一天忙碌的工作終於結束了,我拖着疲憊的身體回到了家裡。
“我回……”
我突然想起來,今天肖喆出差,家裡沒有人的。於是無奈的笑了一下,掏出了門鑰匙進了家門。
我走到了廚房,打開冰箱門,還好,還有些土豆和西紅柿,冷藏室裡面還有些牛肉,嗯,已經夠了。
這些日子,只要一看見那些牛肉我就會不禁感慨,自從半個月前老媽從老家捎來那些牛肉以後,曾經,連續一週我天天都在吃牛肉,直到現在一看見牛肉胃口就會噁心無比。
“說起來這牛還是有來頭的,傳說這牛是神牛,某一天突然出現在村子裡面的,它怕生,問遍了挨家挨戶都沒有人能將它牽走,它的來歷也成了一個迷,那個時候我爺爺還是個小娃子,看到牛就禁不住想上去坐一會兒,說倒也奇怪,這牛偏偏只對我爺爺言聽計從,順順利利就將牛牽到了我們家中,後來這牛老了,生了一隻小牛後就難產死了,後來村子裡面迷信,說不能讓這神牛的香火斷了,就給這頭小公牛配崽,於是我家就自然而然頂着神牛的招牌賺了一筆小錢,後來我家就自己養牛,過年的時候殺牛吃,才發現這個叫神牛的肉質相對於其他種類的牛都不一般,而大家也說不出來這種肉的好,大概是吃普通的肉時間長了舌根已經麻木了吧……哈哈。”
肖喆眨着眼睛望向我,一臉對知識的渴求。
我一邊煮着牛肉,一邊滔滔不絕地對肖喆講述着這牛肉的來歷。
肖喆從身後把我一把抱住,將鼻子湊到我的耳邊,溫柔的說了一句:“好香啊。”
我笑着問:“你是在說頭髮還是牛肉啊?”
肖喆微笑着對我說:“都有。不過呢,還是老婆更誘人。”
肖喆特別喜歡吃我做的牛肉,說很香很香,又有一種說不出的味道,但卻要比一般牛肉顯得更有嚼勁,吃起來更香。
“話說老婆大人,”肖喆一邊虎頭虎腦地吃着,一邊不時擡頭看着我,“世界上真的有神牛這個東西嗎?那是一種什麼牛啊?”
“小傻瓜,哪裡有什麼神鬼之說啊。”我慢慢地撥弄着手中的筷子,“估計是變異了的或者是國外種族的牛吧……”我噗哧一下笑了出來,說實話,我也沒法解釋這件事情。

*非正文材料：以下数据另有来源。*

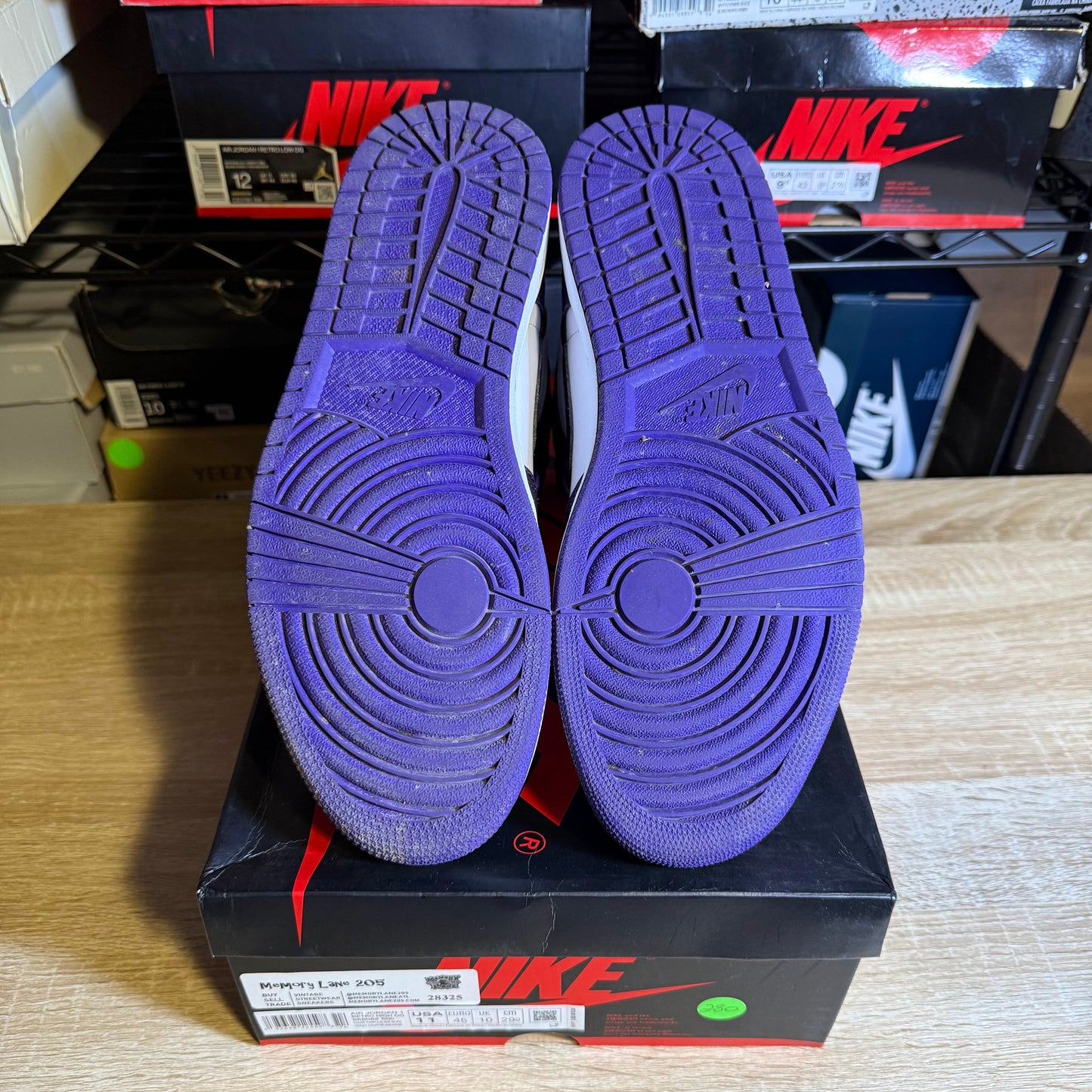 Size 11 - AJ 1 Retro OG High Court Purple 2.0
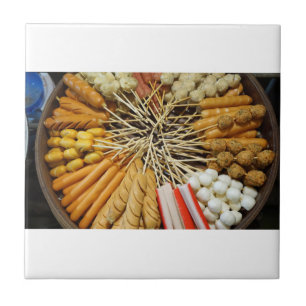 streetfood from a asian market tile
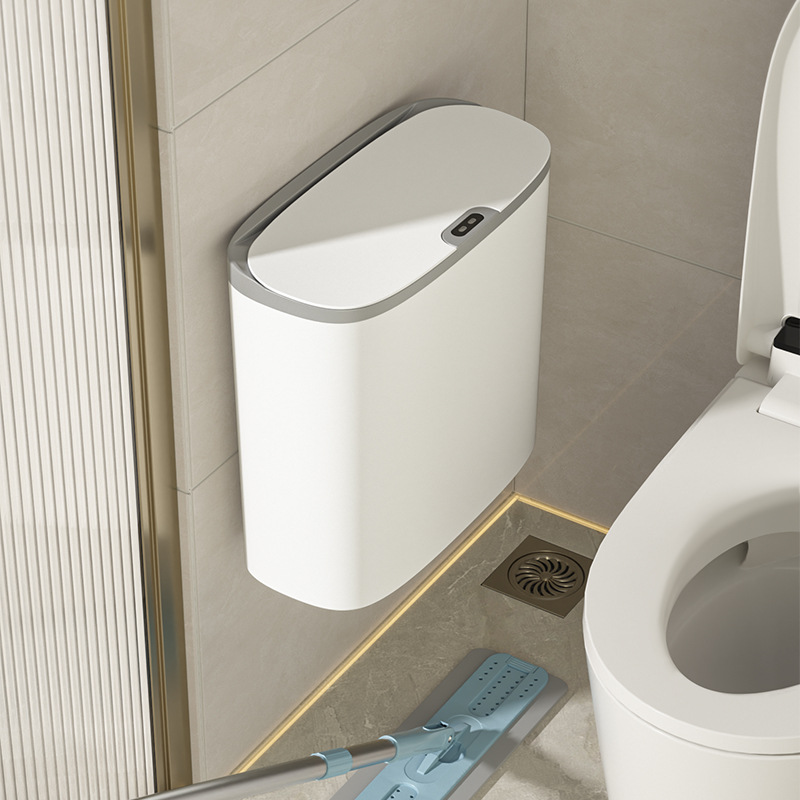 Botella de basura de inducción inteligente ligera de lujo, larga duración, ahorro de energía, botella de basura inteligente con tapa automática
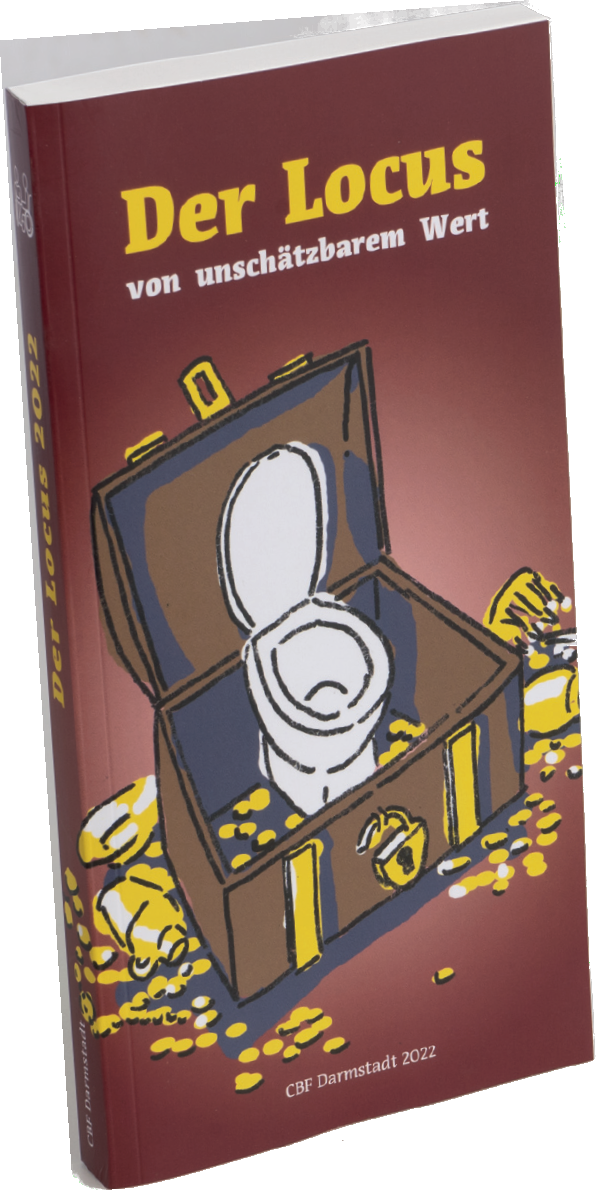 Buch mit 640 Seiten über 12.000 Standorte von Behindertentoiletten in Deutschland, Österreich und der Schweiz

肖喆看了看我,也笑了:“不管怎麼樣,什麼肉經過老婆大人的手做出來都好吃!”
我笑了,笑得好甜好甜。
正在我坐在沙發上回想以前的時候,電話響了。
但並不是我的手機。
是誰的?
我循聲找去,發現在牀的夾縫中有一個手機正在嗡嗡作響。
誰的手機?難道這個屋子裡面還有別人?
想到這裡,我的心臟都快要跳出來了!
我立刻跑到廁所,拿起鐵製的掃把頭慢慢的移動到牀旁邊。
我不能讓他看到我,甚至不能讓他感到我的存在,我一定要小心翼翼的靠近他然後將他一擊打暈!

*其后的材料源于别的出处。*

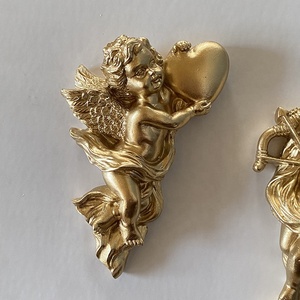 Ensemble de 2 statues d'anges chérubins en résine écologique, figurine sculptée, <span class=keywords><strong>cadeau</strong></span> commémoratif de sympathie, décoration de bureau à domicile et au bureau - Product Image 4
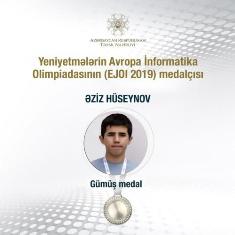 Azərbaycanlı şagird Avropa İnformatika Olimpiadasında gümüş medal qazanıb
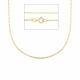 18 karaat huis juwelen Schakelketting square 50CM.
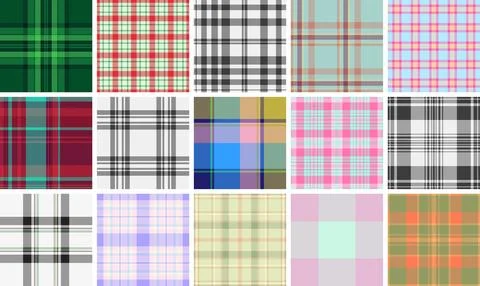 Editorial plaid collection developed for layout designers. This pack frames m Illustrazione stock
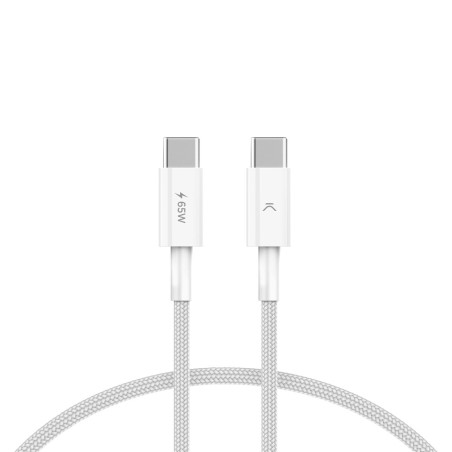 USB-Kabel KSIX Weiß 1 m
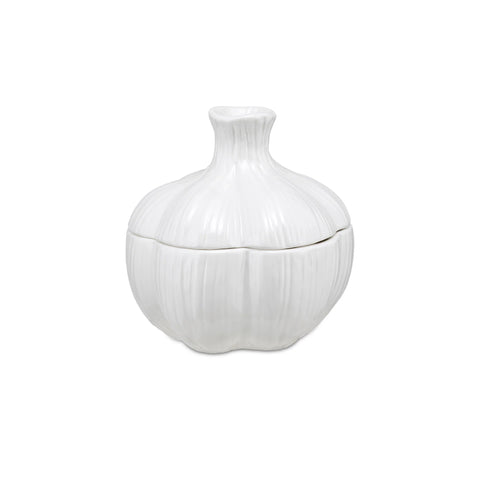 La Porcellana Bianca Ciotola porta aglio "Fattoria" D12xH12 cm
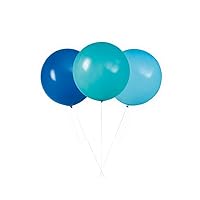 Blue & Teal Giant Latex Balloons, 24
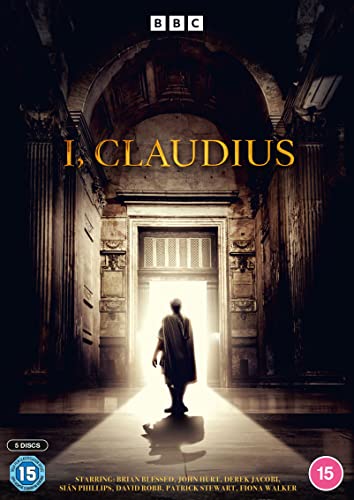 “I, Claudius” DVD cover: a lone figure in an ancient Roman archway.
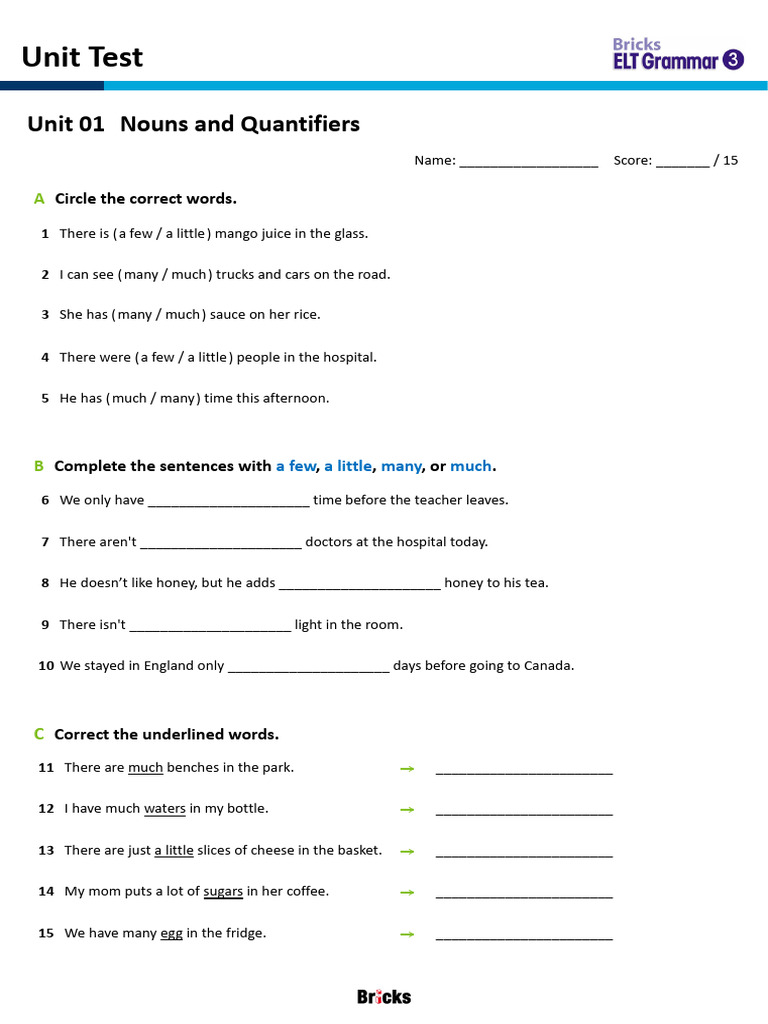 Bricks ELT Grammar - L3 - Grammar Charts | PDF | Grammar | Syntax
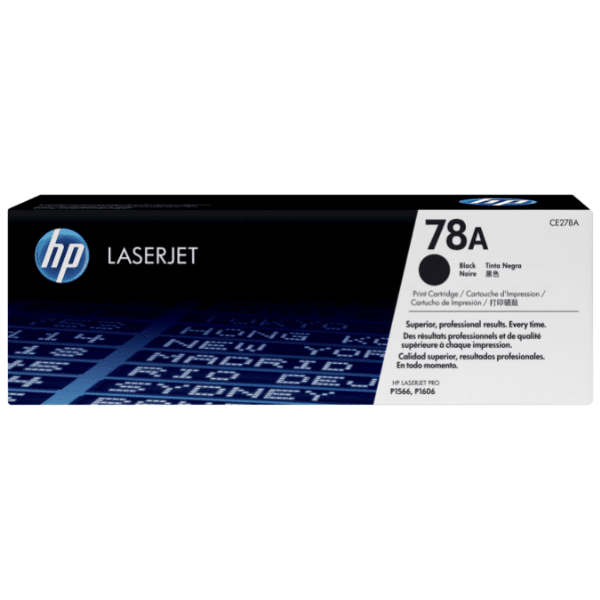 HP 78A Black Original LaserJet Toner Cartridge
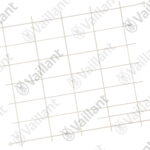 VAILLANT Gitter, hinten Vaillant-Nr. 8000020323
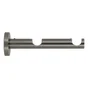 1 support mural double tringle à rideau Gun, 28 mm titane foncé MOBOIS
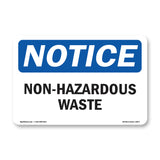 Non-Hazardous Waste Sign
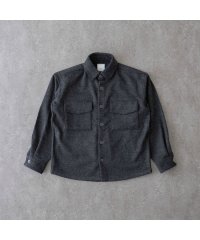 BRICK＆SONS/ブリックアンドサンズ BRICK & SONS ウールカシミヤナイロン リラックスCPOシャツ＜チャコールグレー＞/505137157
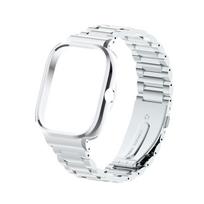 Metalinis dirželis Redmi laikrodžiui 4 Sport apyrankė Nerūdijančio plieno laikrodžio apyrankė For Redmi watch 4 sidabras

電話還在響,我覺得氣氛變得好壓抑,我就要無法呼吸了!
時間彷彿都已經凝滯,耳邊只能聽到那不間斷的鈴聲和自己厚重的呼吸聲。一想到牀下會藏着一個我素不相識的陌生人,我的雙手就不住的顫抖。
然而時鐘滴答滴答地走着,屋子裡只有我一個人的氣息。
轉念一想,這鈴聲似乎是從那裡聽過。
對!我記起來了!是肖喆的手機!是他手機的鈴聲!
我慢慢地踱步過去,搜尋着手機的去向,終於在牀邊的角落裡找到了遺失的手機。
肖喆的手機遺忘在家裡了,那麼他現在在哪呢?出差了麼?如果出差了的話缺少了聯繫方式怎麼可以呢?

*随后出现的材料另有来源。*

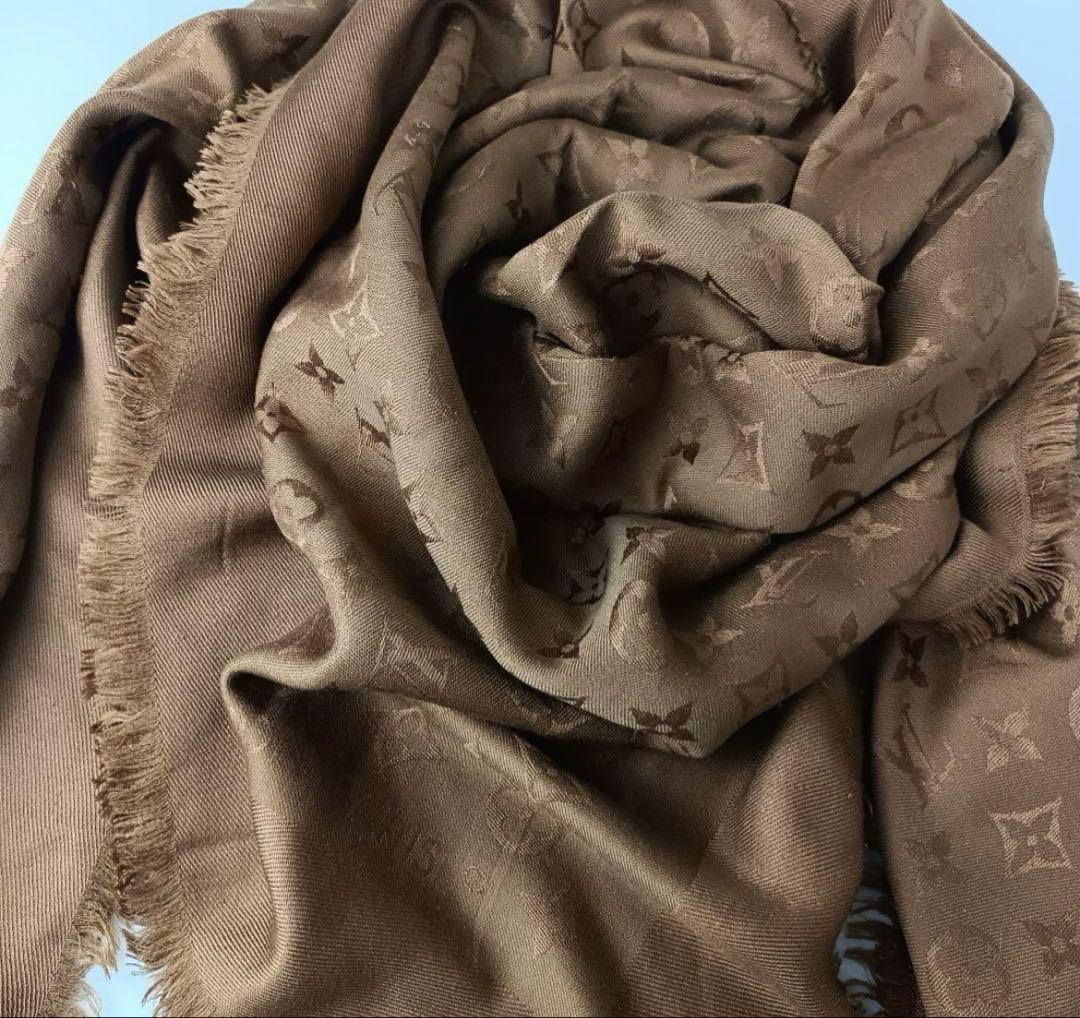 ルイヴィトン 大判ストール LOUISVUITTON 箱なし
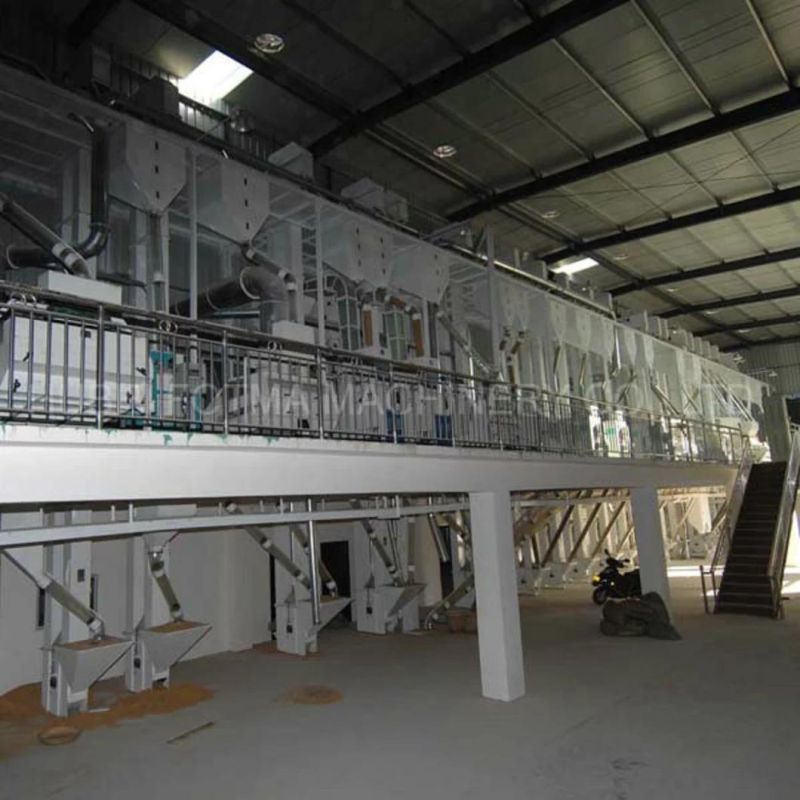 120t/D Modern Rice Processing Equipment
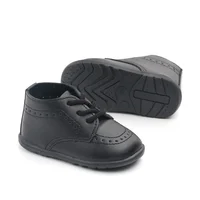 New Baby Shoes Retro Leather Boy Girl Shoes Toddler Rubber Sole Anti-slip First Walkers Newborn Infant Moccasins Baby Crib Shoes 5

這個時候手機再一次響了,我雙手一鬆,差點把手機掉在地上。
是肖喆的公司打來的。
“喂,肖喆,你要幹什麼這是?不要工作了嗎???”那邊怒吼道,聽樣子應該是他的老闆。
“喂……”我的聲音顫抖着,“肖喆,他不在,沒有帶着手機。”
“啊……”對方顯然是被我的聲音嚇了一跳,是啊,原本應該是肖喆去接這個電話的,“您是肖喆家人嗎?肖喆出去了嗎?”
“他說他去出差了。”我回答的很果斷。
“哈?出差?誰出差?出什麼差?肖喆已經兩天沒有來公司上班了,我給他打電話,只是問一下他還想幹麼?你知不知道我們這兩天因爲他損失了一個大客戶?!你……”
“嘟”的一聲,我將電話切斷了。
對面男人還在滔滔不絕的罵着,但我並不關心,他公司的利益得失與我半點關係都沒有。
我在乎的只有一件事情,既然肖喆沒有去出差,那麼他去哪裡了?
我拼命回憶他臨走前一天的樣子。
印象中,他好像有一段時間真的有些疏遠我。那種眼神,有很明顯的距離感。
一個念頭突然劃過我的腦海,我打了一個激靈。
難道他有外遇了?
難道他這次是跟着那個“她”離開了?
他們去哪了?他不會回來了嗎?
我聽見了心碎的聲音。
明明……剛剛一切還都好好的……
我癱倒在牀上,而牀上似乎還有肖喆的溫度……前天……前天他明明還和我躺在這張牀上耳鬢廝磨……怎麼……一切都變的好快……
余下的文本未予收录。